MATERIAL SUPPLIED Start Marker

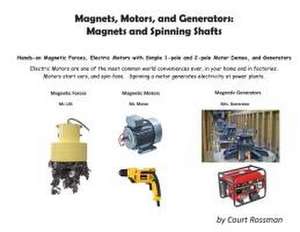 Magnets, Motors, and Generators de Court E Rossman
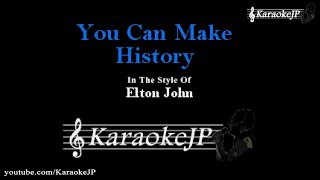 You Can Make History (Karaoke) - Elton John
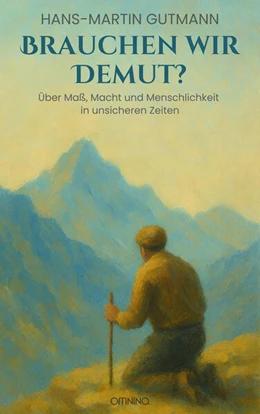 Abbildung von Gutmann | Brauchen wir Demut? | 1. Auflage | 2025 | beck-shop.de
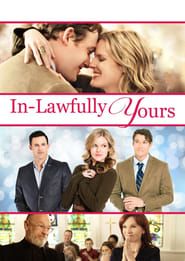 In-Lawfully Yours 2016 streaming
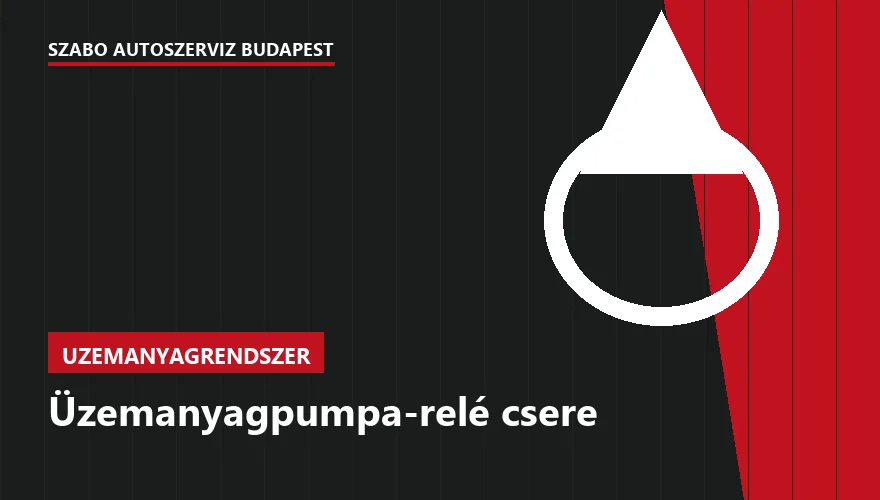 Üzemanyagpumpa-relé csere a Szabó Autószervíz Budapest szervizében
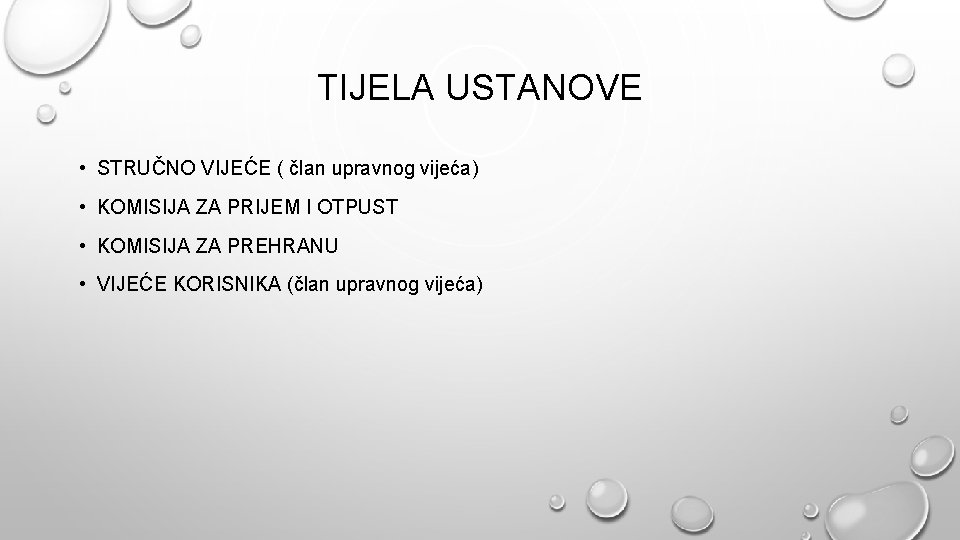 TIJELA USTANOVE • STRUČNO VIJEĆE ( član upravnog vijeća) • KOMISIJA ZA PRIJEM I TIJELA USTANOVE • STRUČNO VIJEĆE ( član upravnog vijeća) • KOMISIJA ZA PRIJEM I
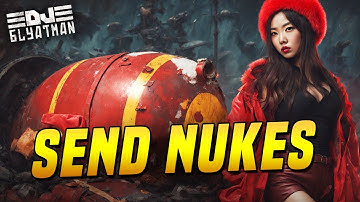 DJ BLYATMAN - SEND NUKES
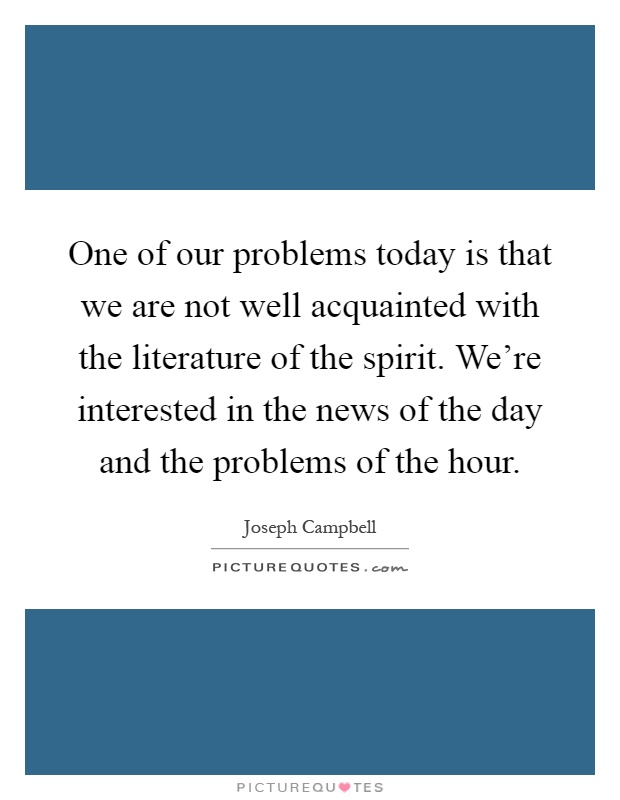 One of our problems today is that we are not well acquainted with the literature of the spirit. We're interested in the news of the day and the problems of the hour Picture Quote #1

MATERIAL SUPPLIED End Marker
MATERIAL SUPPLIED Start Marker

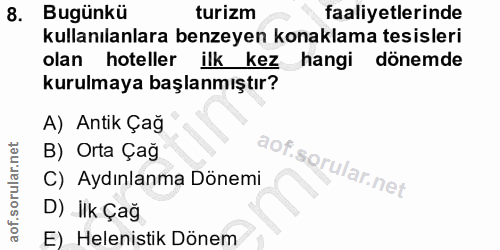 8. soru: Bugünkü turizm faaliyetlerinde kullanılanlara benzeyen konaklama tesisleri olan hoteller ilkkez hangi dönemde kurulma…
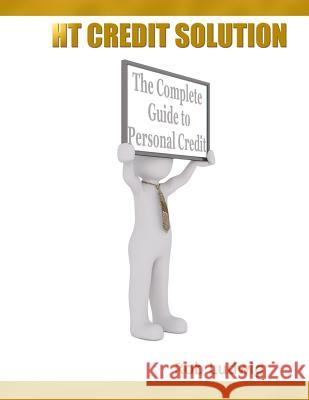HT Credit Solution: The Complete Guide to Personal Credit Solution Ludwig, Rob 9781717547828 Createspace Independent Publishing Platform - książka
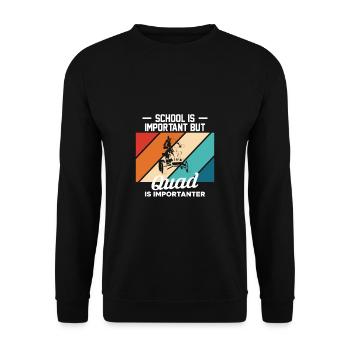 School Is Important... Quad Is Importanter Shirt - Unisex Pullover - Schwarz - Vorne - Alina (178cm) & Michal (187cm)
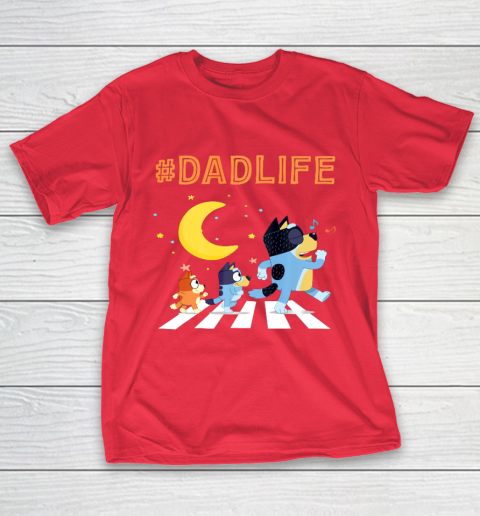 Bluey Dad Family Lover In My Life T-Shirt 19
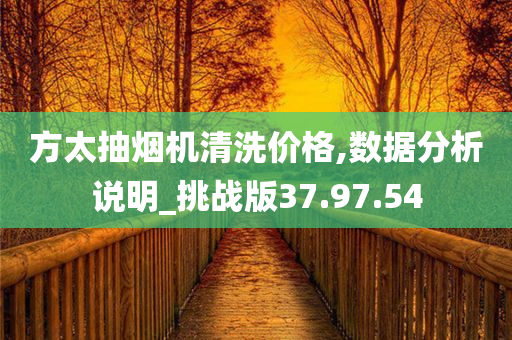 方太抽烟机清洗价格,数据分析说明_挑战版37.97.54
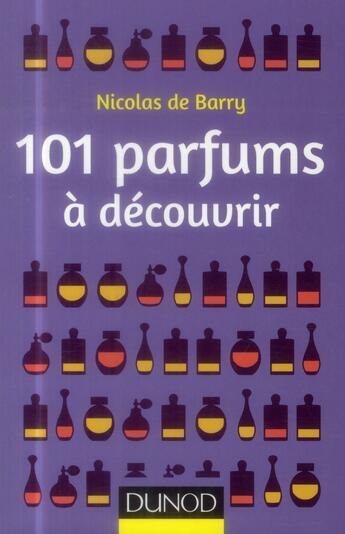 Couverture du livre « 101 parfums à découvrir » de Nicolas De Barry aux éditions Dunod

MATERIAL SUPPLIED End Marker
MATERIAL SUPPLIED Start Marker

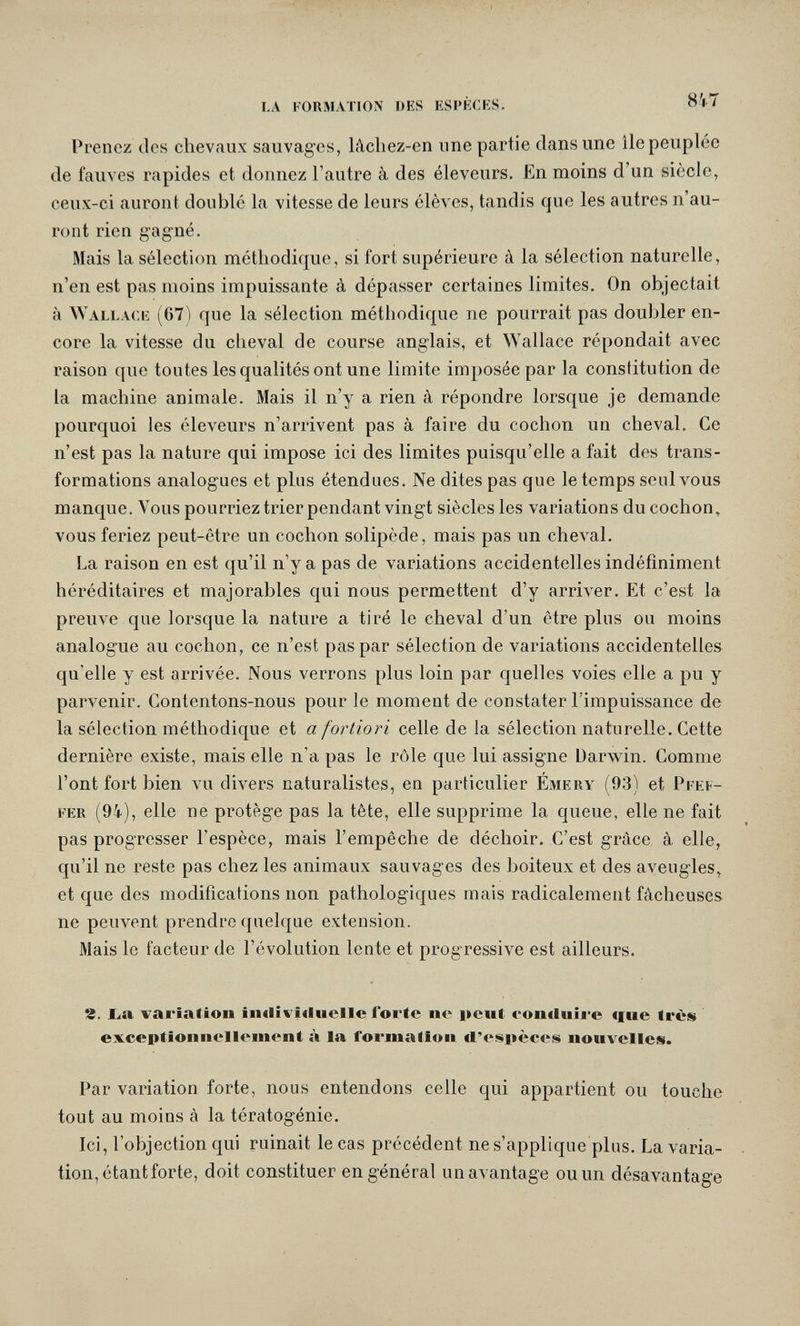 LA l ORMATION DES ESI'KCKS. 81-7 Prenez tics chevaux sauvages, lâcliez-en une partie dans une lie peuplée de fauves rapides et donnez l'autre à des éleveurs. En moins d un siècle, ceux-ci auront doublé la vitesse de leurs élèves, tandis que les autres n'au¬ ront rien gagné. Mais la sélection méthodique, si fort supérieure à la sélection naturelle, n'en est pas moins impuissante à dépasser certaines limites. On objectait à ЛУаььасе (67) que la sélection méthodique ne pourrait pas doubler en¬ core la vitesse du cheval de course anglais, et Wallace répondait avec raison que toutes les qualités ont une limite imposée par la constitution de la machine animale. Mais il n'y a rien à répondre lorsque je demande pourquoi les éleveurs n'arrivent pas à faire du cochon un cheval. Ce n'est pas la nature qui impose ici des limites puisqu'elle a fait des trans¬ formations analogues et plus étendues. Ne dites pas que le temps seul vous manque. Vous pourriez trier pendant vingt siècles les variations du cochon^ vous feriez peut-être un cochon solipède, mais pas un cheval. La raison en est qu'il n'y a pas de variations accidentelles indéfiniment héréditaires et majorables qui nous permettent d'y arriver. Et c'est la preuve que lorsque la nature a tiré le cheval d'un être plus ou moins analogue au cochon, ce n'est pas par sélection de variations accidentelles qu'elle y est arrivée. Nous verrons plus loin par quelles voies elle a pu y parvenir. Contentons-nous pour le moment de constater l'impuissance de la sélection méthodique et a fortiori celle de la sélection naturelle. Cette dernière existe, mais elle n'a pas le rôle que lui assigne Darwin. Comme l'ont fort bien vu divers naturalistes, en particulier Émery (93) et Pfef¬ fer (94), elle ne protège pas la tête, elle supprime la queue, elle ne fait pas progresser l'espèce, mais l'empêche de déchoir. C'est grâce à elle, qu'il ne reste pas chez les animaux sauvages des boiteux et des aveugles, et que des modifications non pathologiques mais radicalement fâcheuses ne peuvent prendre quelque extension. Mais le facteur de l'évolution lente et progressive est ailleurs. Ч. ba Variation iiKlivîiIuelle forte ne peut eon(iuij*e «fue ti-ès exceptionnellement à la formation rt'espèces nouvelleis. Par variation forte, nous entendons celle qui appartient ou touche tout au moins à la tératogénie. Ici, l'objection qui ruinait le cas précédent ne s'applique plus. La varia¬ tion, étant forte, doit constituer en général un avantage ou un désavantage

MATERIAL SUPPLIED End Marker

Using the records above, print exactly the lines between the ones containing "Abbildung von Gutmann" and "One of our problems", inclusive, and nothing else; no pictures.

• OUTPUT OF THE EXERCISE:
 Abbildung von Gutmann | Brauchen wir Demut? | 1. Auflage | 2025 | beck-shop.de
 In-Lawfully Yours 2016 streaming
 Üzemanyagpumpa-relé csere a Szabó Autószervíz Budapest szervizében
 TIJELA USTANOVE • STRUČNO VIJEĆE ( član upravnog vijeća) • KOMISIJA ZA PRIJEM I TIJELA USTANOVE • STRUČNO VIJEĆE ( član upravnog vijeća) • KOMISIJA ZA PRIJEM I
 DJ BLYATMAN - SEND NUKES
 One of our problems today is that we are not well acquainted with the literature of the spirit. We're interested in the news of the day and the problems of the hour Picture Quote #1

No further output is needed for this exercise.